The Special Operations Assault Rifle (SOAR) is an assault rifle manufactured by FERFRANS and designed as an improvement of the M4 carbine.

Details
The SOAR is a selective fire 5.56×45mm NATO assault rifle firing from either a closed rotating bolt (direct impingement) for the standard SOAR model, or in a short-stroke piston rotating bolt for the SOAR-P variant.

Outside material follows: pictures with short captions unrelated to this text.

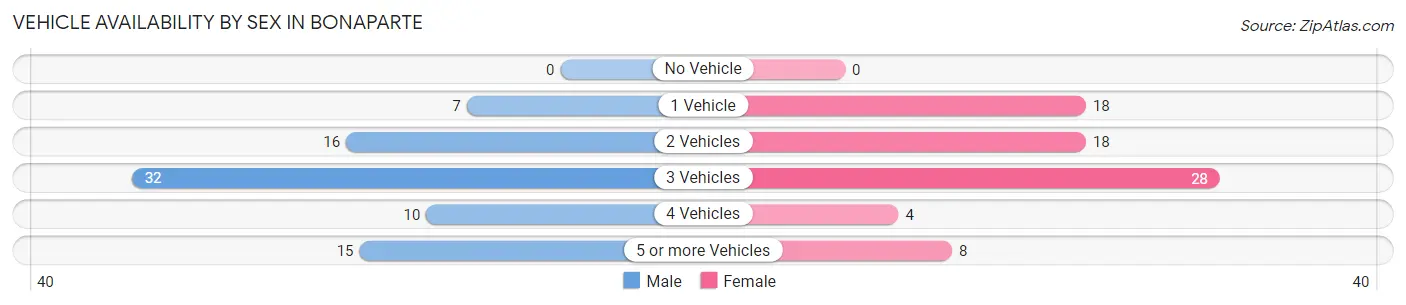Vehicle Availability by Sex in Bonaparte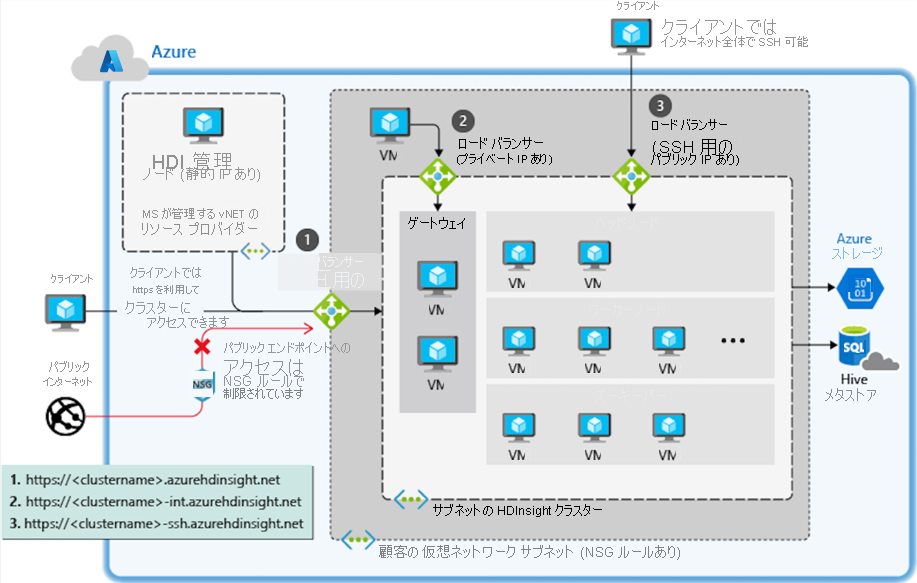 VNet を使用してデプロイされた HDInsight クラスターのアクセス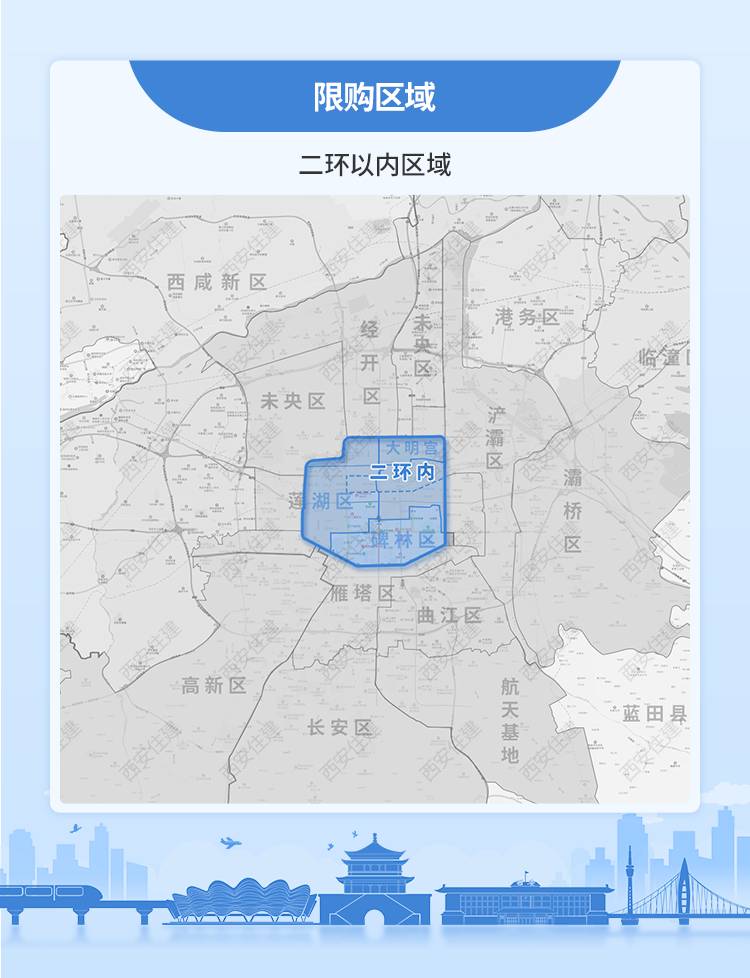 西安住房限购政策有哪些变化？二环以外取消限购，详细解读来了！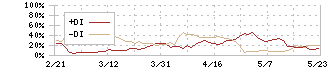 鎌倉新書(6184)のDMI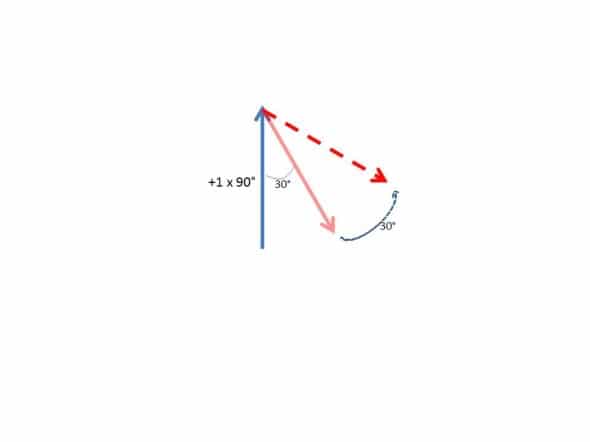 astigmatisme calcul vectoriel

It differs from the typical M4 due to FERFRANS' preference to better control on full-automatic mode. Among the features include a patented Delayed Sear Activation System that reduces its cyclic rate of fire in full-auto to just around 550 to 680 rpm, reducing muzzle climb and improving control-ability.  It also uses a heavy machine gun barrel for increased reliability in sustained firing, rifled in either 1:7 or 1:9 right-hand twist.

Variants
The SOAR is available in both the standard SOAR or the piston-driven SOAR-P.

Barrel length options for the SOAR are in 10.5", 11.5", 14.5", 16", 18", and 20" lengths.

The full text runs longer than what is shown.